Senator Stands Up for Nuclear Whistleblower

On October 9, Massachusetts Senator Ed Markey sent a letter to Ernest Moniz, Secretary of the Department of Energy (DOE), defending the rights of whistleblowers who faced retribution for reporting “severe safety and management challenges at the Hanford Waste Treatment Plant (WTP).”

When Dr. Walt Tamosaitis, a DOE contractor employee, expressed concerns about mixing high-level nuclear waste in tanks, a process that he feared could lead to “a potential criticality or hydrogen explosion,” he was retaliated against, and eventually terminated. His employer, URS Corporation, is a contractor at DOE’s Hanford site, a nuclear complex. Senator Markey goes on to point out that Hanford has a history of problems. For instance, according to Markey’s letter, Hanford stores nuclear waste in “177 aging underground tanks, 70 of which have already leaked about 1 million gallons of waste into groundwater.”

Dr. Tamosaitis wasn’t alone in his concerns. For years, employees have reported safety violations and systemic corruption at the Hanford WTP. Senator Markey specifically identified Donna Busche as another URS employee who faced retaliation for her efforts to raise safety concerns at Hanford.

Senator Markey also cited emails, reports, and court documents corroborating that Dr. Tamosaitis had been retaliated against for reporting his concerns. In an email, one of Tamosaitis’s bosses wrote, “Walt is killing us.” A response simply said, “He will be gone tomorrow.” He was demoted and “assigned to sit in a basement office doing essentially nothing,” according to Markey’s letter.

In December 2011, Dr. Tamosaitis testified before the Senate Homeland Security and Governmental Affairs Subcommittee on Contracting Oversight at the request of Chairman Claire McCaskill (D-Mo.) and Ranking Member Rob Portman (R-Ohio) about his experience and the need for stronger whistleblower protections for federal contractor employees. The Project On Government Oversight's Director of Public Policy, Angela Canterbury, also testified at that hearing and urged Congress to expand protections for whistleblowers like Dr. Tamosaitis. POGO strongly supported a bill sponsored by Chairman McCaskill that would have provided best practice protections and jury trials for whistleblowing related to contractors and grantees. Provisions from that bill were eventually included in the defense authorization bill as a four-year pilot program enacted in July this year.

However, it’s unclear whether those new protections will help Dr. Tamosaitis get his job back. “On October 2, Dr.
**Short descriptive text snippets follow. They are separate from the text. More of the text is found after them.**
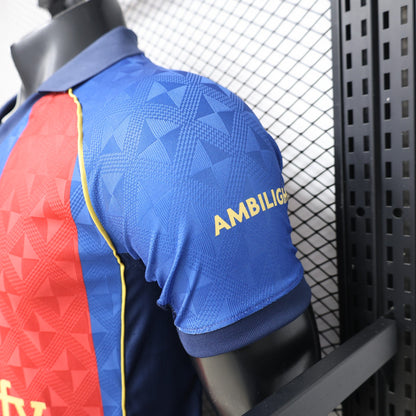 2026-27 Barcelona Special Edition Player S-2XL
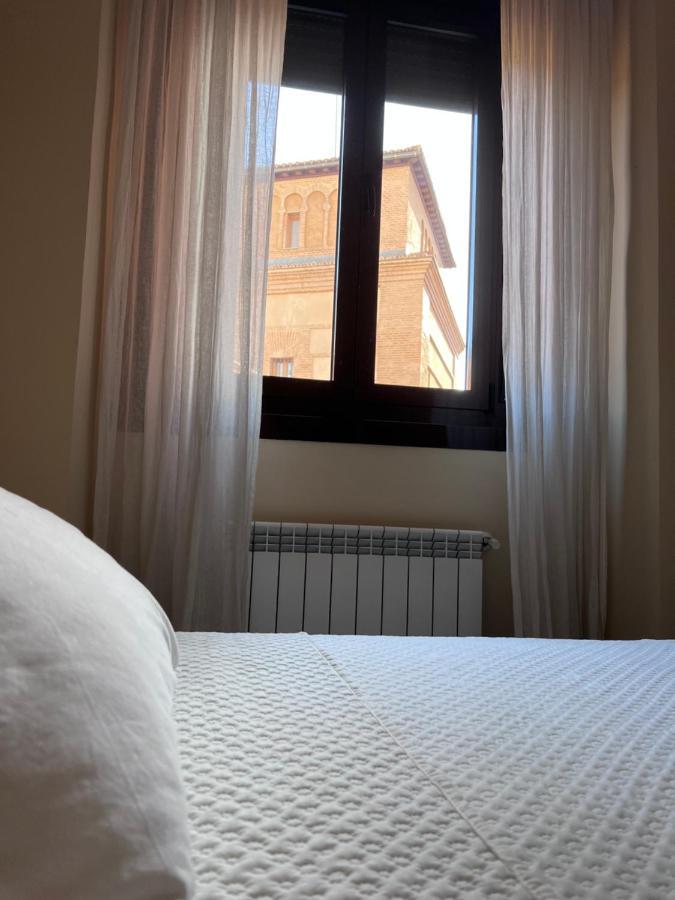 Apartment In Monumental Square Madrid Center 외부 사진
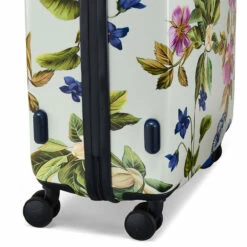 Joules Hard Side 4 Wheel Large Suitcase - 76cm 35 Joules Hard Side 4 Wheel Large Suitcase - 76cm -Zime Luggage Sales Joules Spring Wood Botanical Wheels 02889.1690986389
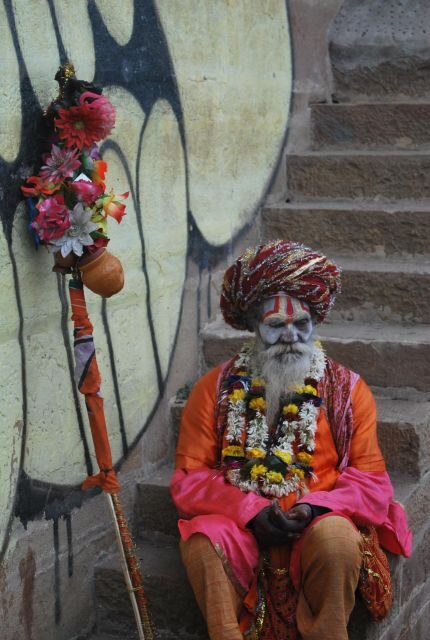 Varanasi Day Tour - Boating, Walking, Yoga Temple, Wrestling - The Sum Up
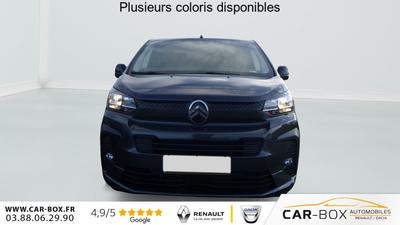 Citroën Jumpy Cabine Approfondie Cab m Bluehdi 180 s Eat8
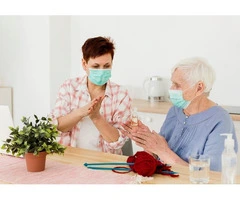 Compassionate Personal Care Services in Sydney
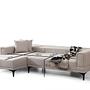 Horizon Ecksofa Rechts Ecru 8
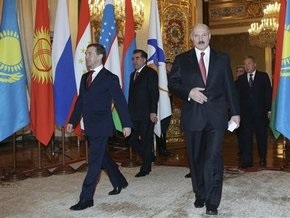 Лукашенко объяснил, почему Беларусь развивает отношения с Западом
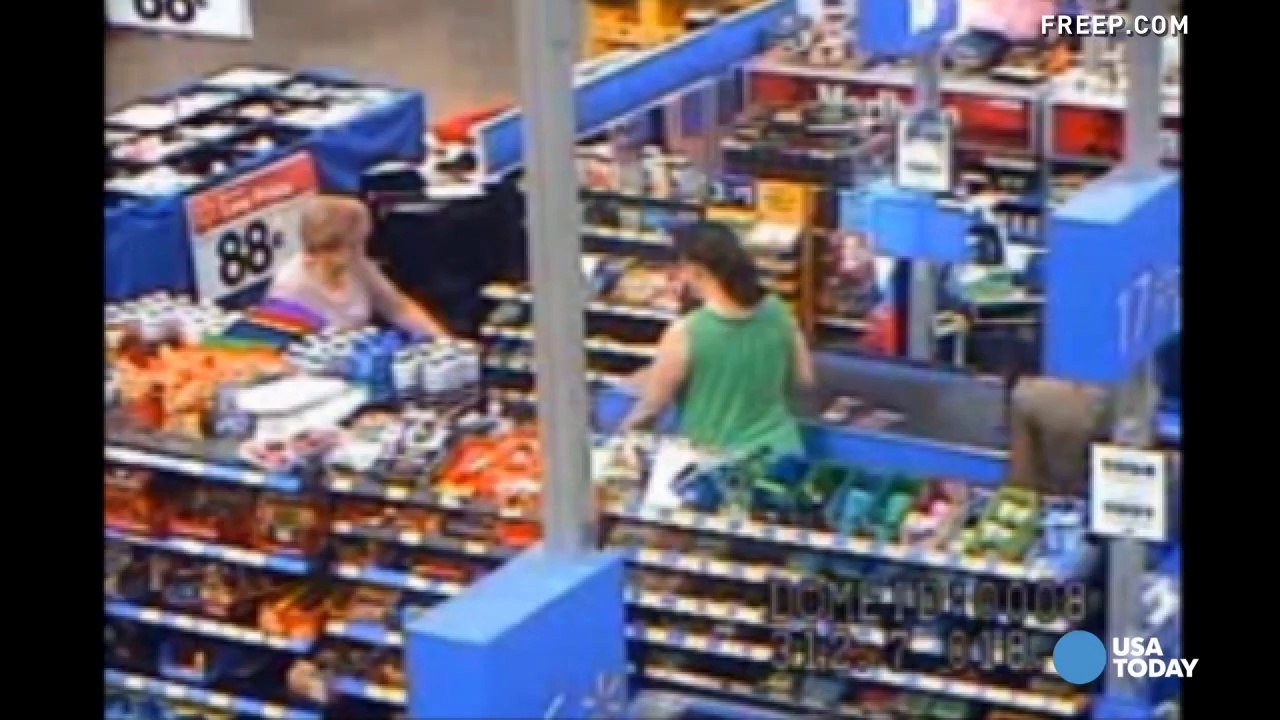 Mentally disabled woman accused of shoplifting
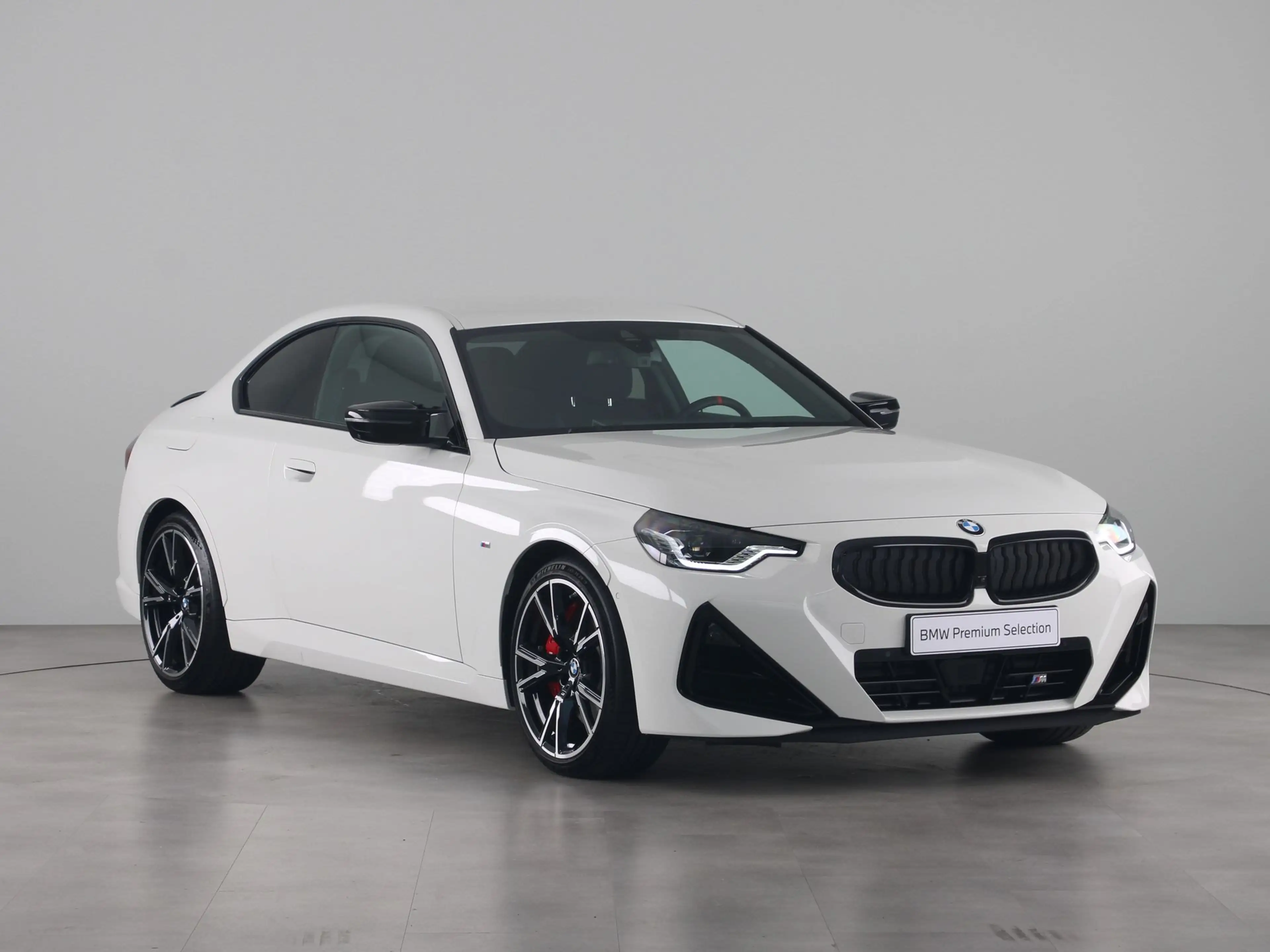 BMW 240 2 Serie Coupé M240i xDrive — photo 9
Tamosaitis, a respected engineer who worked for URS Corporation for 44 years, was escorted to the door and told he will only receive the severance pay he is entitled to if he promises not to sue his employer for what can only be described as years of retaliation for his efforts to issue warnings related to the WTP’s dangerous flaws,” according to Markey’s letter.

In an internal memo last month, DOE’s Secretary and Deputy Secretary highlighted the importance of “an atmosphere that promotes a questioning attitude with effective resolution of reported problems.” The actions by the DOE’s contractor create anything but that atmosphere.

If we can ever truly have such an atmosphere in our federal government, then we need more whistleblowers like Walt Tamosaitis, and more Members of Congress like Ed Markey. Dr. Tamosaitis should be honored—not fired—for looking out for the health and safety of others. At the very least, he ought to get justice for the retaliation he has endured.